If the quack takes people who are feeling unusually bad, those people will tend to improve on their own. That is, they will naturally rebound to their normal levels of health or happiness and the quack can take the credit.
Why should a baseball team’s general manager consider regression toward the mean when considering a trade for a player who made the All-Star team last season?
Obviously, things went well for the player that year: no injuries, no really bad breaks. Next year, the player may not be so lucky.
5. How could a participant's score on an ability test change even though the person's actual ability had not?
Hints: To answer this question, ask yourself how your score on a test might change if you took the same test several times. As you might suspect, the questions you would ask yourself are a subset of the questions listed in Table 9.2 ("Questions to ask when examining a pretest-posttest study"). However, given that you are interested in how scores might change when the underlying ability did not change, you would not ask the questions that asked whether a real change was due to a nontreatment factor. Instead, you would focus on the questions that ask whether the scores--rather than the participants--may have changed? with scores changing rather than participants changing. Finally, note that because you are comparing one person's pretest score to that same person's posttest score, you would not have to worry about mortality.
6. Suppose a memory researcher administers a memory test to a group of residents at a nursing home. He finds a group of grade school students that score the same as the older patients on the memory pretest. He then administers an experimental memory drug to the older patients. A year later, he gives both groups a posttest.

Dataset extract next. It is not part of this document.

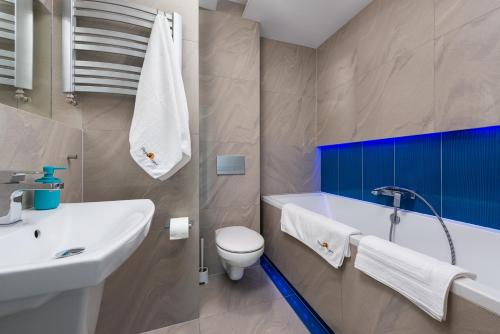 La salle de bains est pourvue de toilettes et d'un lavabo. dans l'établissement Przystań Rozewie, à Jastrzębia Góra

a. If the researcher finds that the older patients now have a worse memory than the grade-school students, what can the researcher conclude? Why?

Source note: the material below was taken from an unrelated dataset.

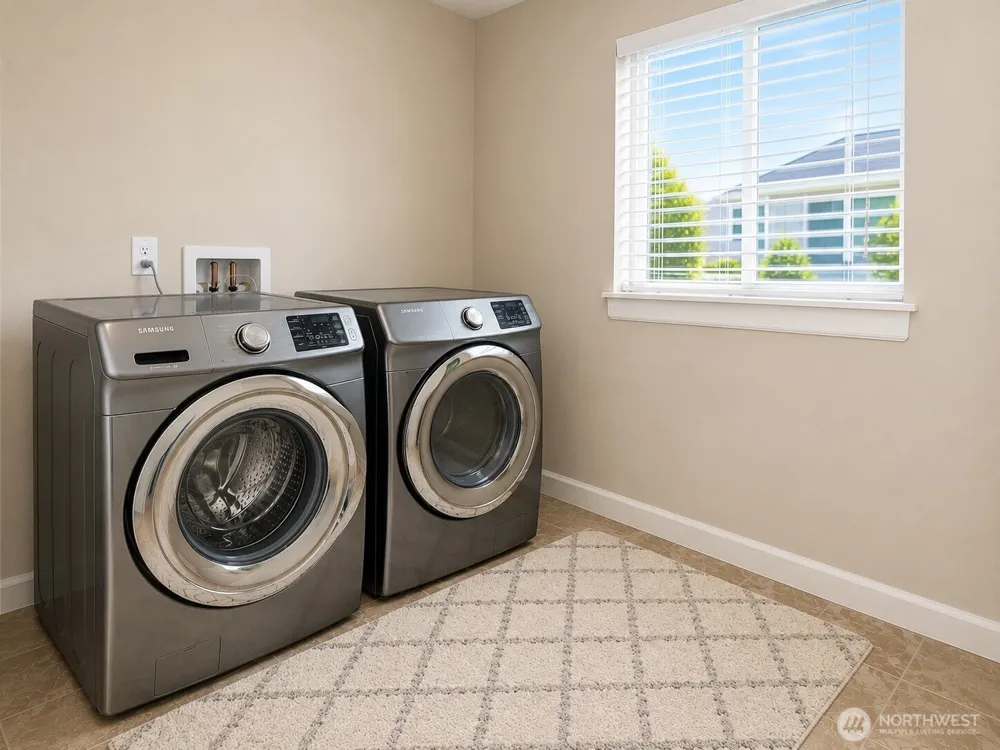 16305 25th Avenue Ct E Tacoma, WA 98445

Nothing—the results could be due to a selection by maturation interaction due to the school children's memories improving and the older patients' memories naturally staying the same or declining slightly.
b. If the researcher finds that the older patients now have a better memory than the grade
school students, what can the researcher conclude? Why?
The researcher might have an easier time concluding that the drug improves memory because the difference is opposite of what would be expected on the basis of selection by maturation interactions. However, history effects are still possible (if other interventions are going on at the nursing home) and regression might be possible (if the children selected had unusually high scores for their grade level).
7. Suppose there is a correlation between the use of night lights in an infant’s room an increased incidence of near-sightedness later. What might account for this relationship?
Hint: See the second and third paragraphs on page 332 (they start with "Second,.." and "Third,...) respectively. The points they make about a sugar-hyperactivity link can be applied to the nightlights-vision link. If you need more help, go back to Box 7.2 on p. 229.
8. What is the difference between
a. testing and instrumentation?
The difference between testing and instrumentation is that in testing participants may remember things from the previous test and therefore score higher, whereas in instrumentation, the actual measuring instrument changes or the way it is administered changes.
b. history and maturation?
History refers to changes due to events in the participant's environment (other than the treatment).
Maturation refers to changes due to biological changes in the participant.
9. Suppose a researcher reports that a certain argument strategy has an effect, but only on those participants who hold extreme attitudes. Why might the researcher be mistaken about the effects of the persuasive strategy?
Hint: See Table 9.2 on page 356.
10. What is the difference between internal and external validity?
Internal validity refers to whether you can make the statement that, in a given study, with these participants, the treatment caused an effect.
External validity refers to whether you can generalize what you discovered in a particular study to other people, situations, and times.